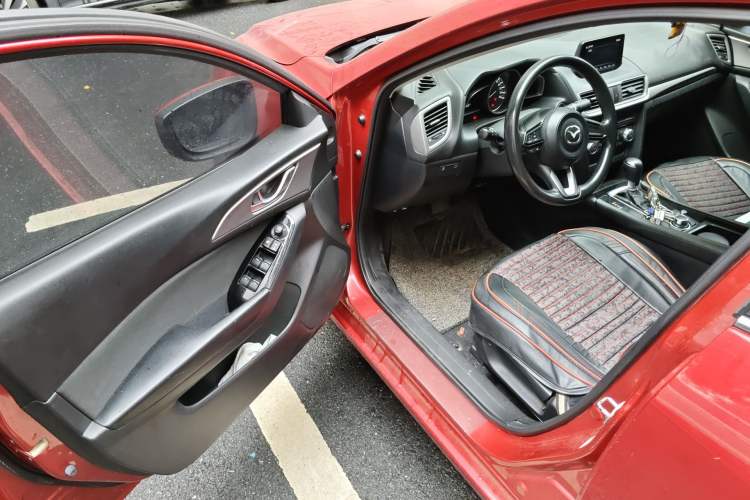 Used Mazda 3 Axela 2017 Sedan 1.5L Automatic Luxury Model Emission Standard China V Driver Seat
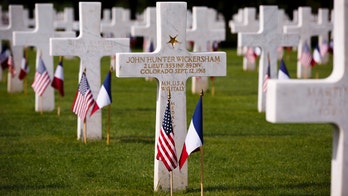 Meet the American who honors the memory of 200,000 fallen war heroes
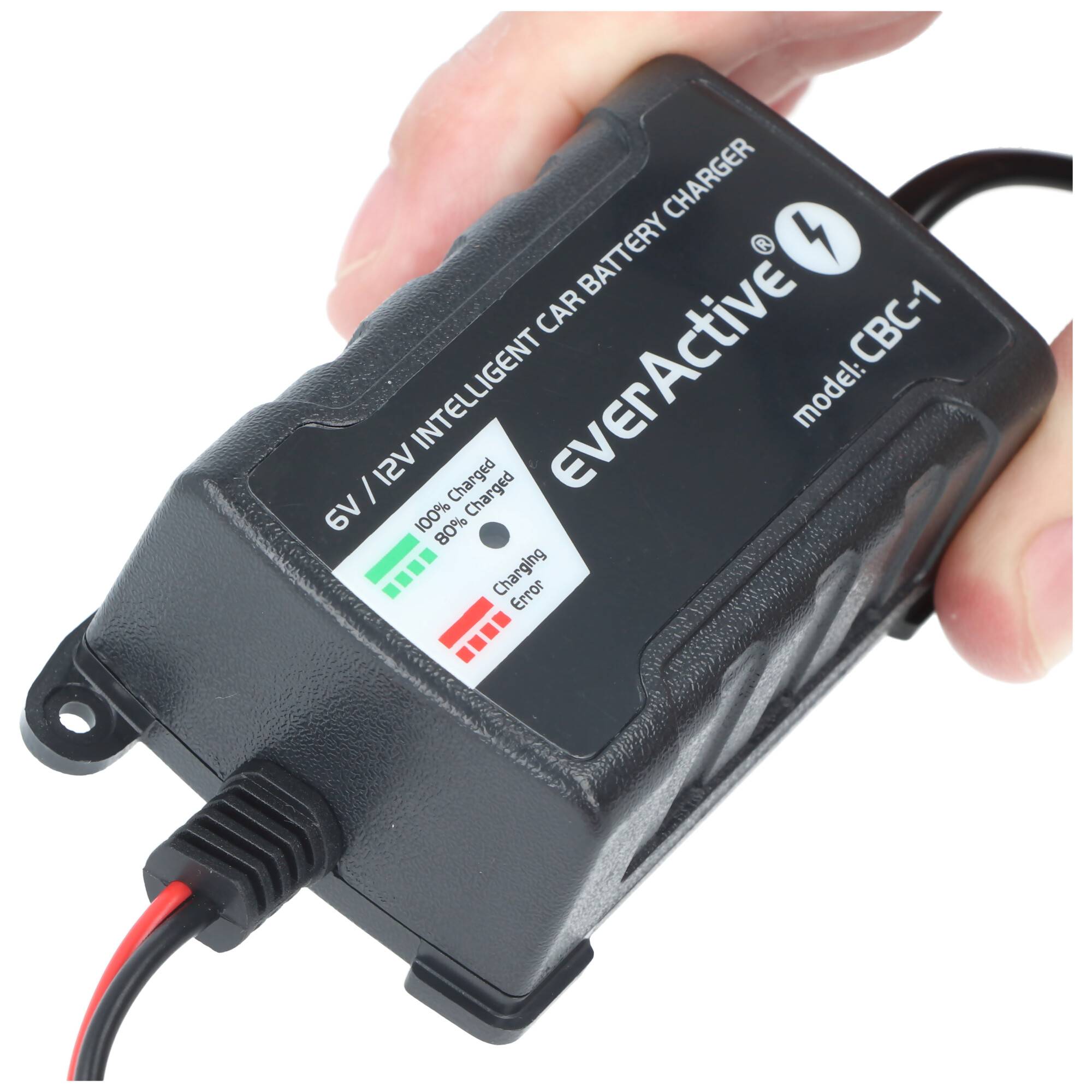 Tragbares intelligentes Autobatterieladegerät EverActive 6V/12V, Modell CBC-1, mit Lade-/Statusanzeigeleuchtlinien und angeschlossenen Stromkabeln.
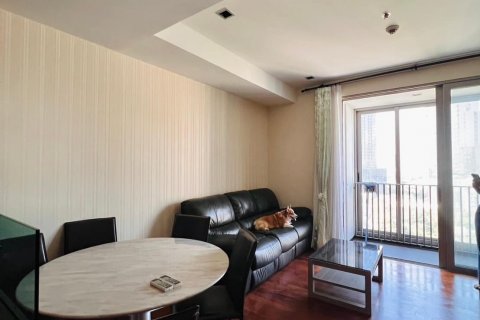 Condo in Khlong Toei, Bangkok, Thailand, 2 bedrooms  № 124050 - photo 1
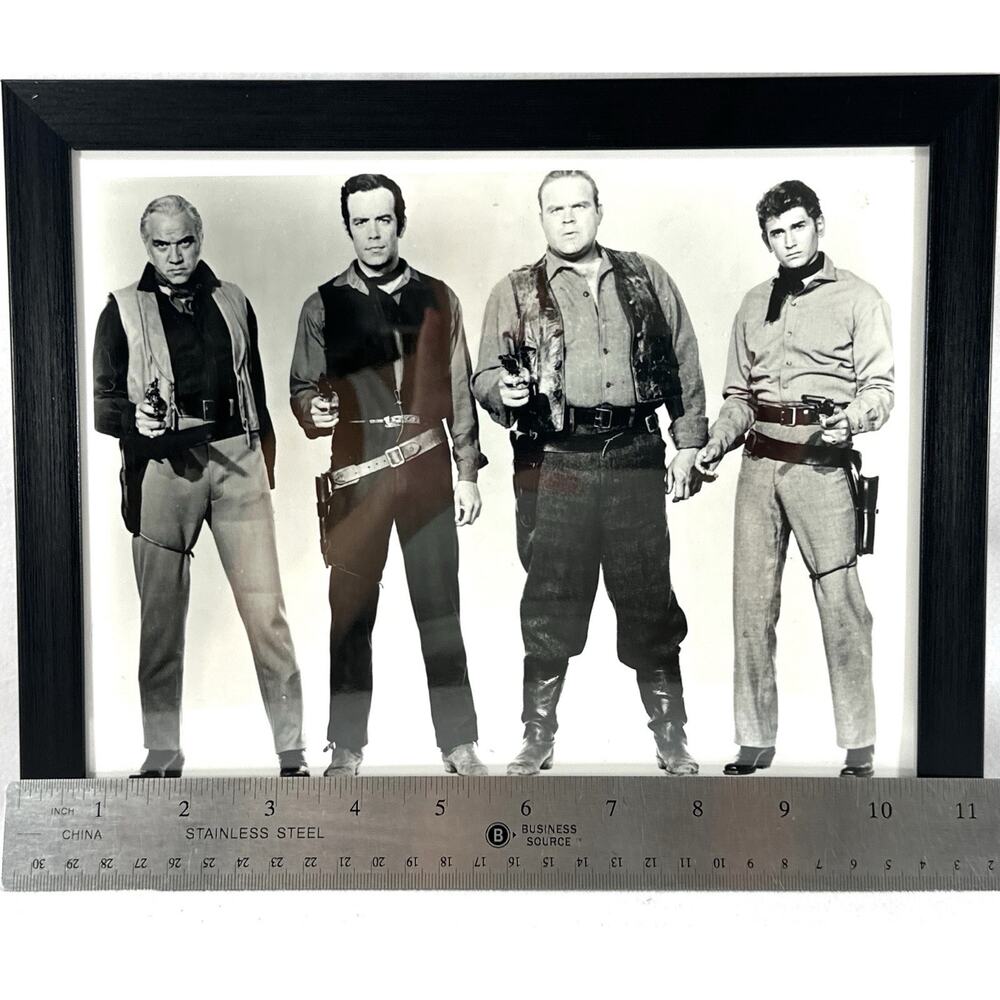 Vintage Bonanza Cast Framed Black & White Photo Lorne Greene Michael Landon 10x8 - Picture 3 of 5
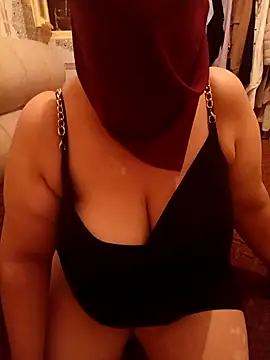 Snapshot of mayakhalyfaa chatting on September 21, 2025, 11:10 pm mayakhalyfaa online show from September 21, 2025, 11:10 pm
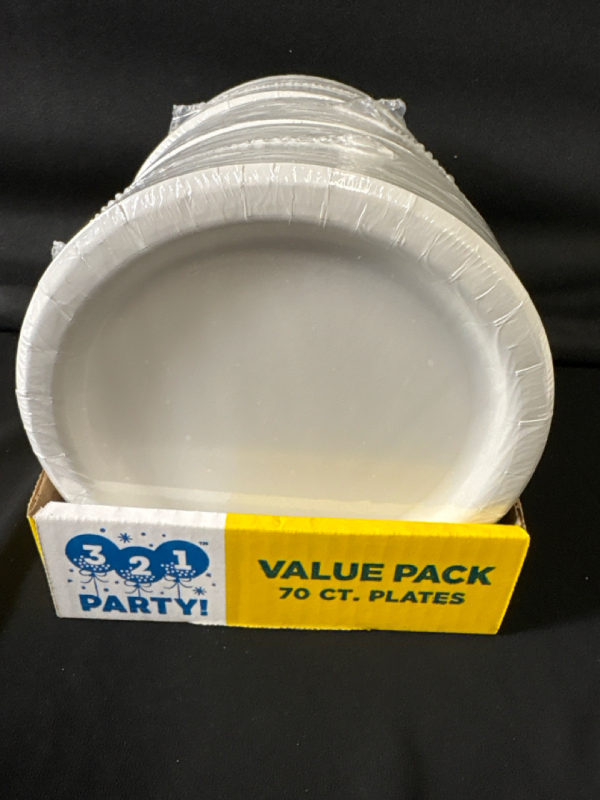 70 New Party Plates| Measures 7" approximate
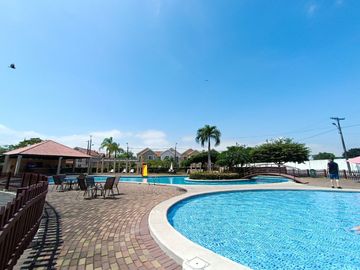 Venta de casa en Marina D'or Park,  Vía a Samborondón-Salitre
______
TASK TO COMPLETE = Return all of the lines above without alteration, minus the pictures.

FINAL ANSWER =
 Used Mazda 3 Axela 2017 Sedan 1.5L Automatic Luxury Model Emission Standard China V Driver Seat
 Meet the American who honors the memory of 200,000 fallen war heroes
 Tragbares intelligentes Autobatterieladegerät EverActive 6V/12V, Modell CBC-1, mit Lade-/Statusanzeigeleuchtlinien und angeschlossenen Stromkabeln.
 Condo in Khlong Toei, Bangkok, Thailand, 2 bedrooms  № 124050 - photo 1
 Vintage Bonanza Cast Framed Black & White Photo Lorne Greene Michael Landon 10x8 - Picture 3 of 5
 Snapshot of mayakhalyfaa chatting on September 21, 2025, 11:10 pm mayakhalyfaa online show from September 21, 2025, 11:10 pm
 70 New Party Plates| Measures 7" approximate
 Venta de casa en Marina D'or Park,  Vía a Samborondón-Salitre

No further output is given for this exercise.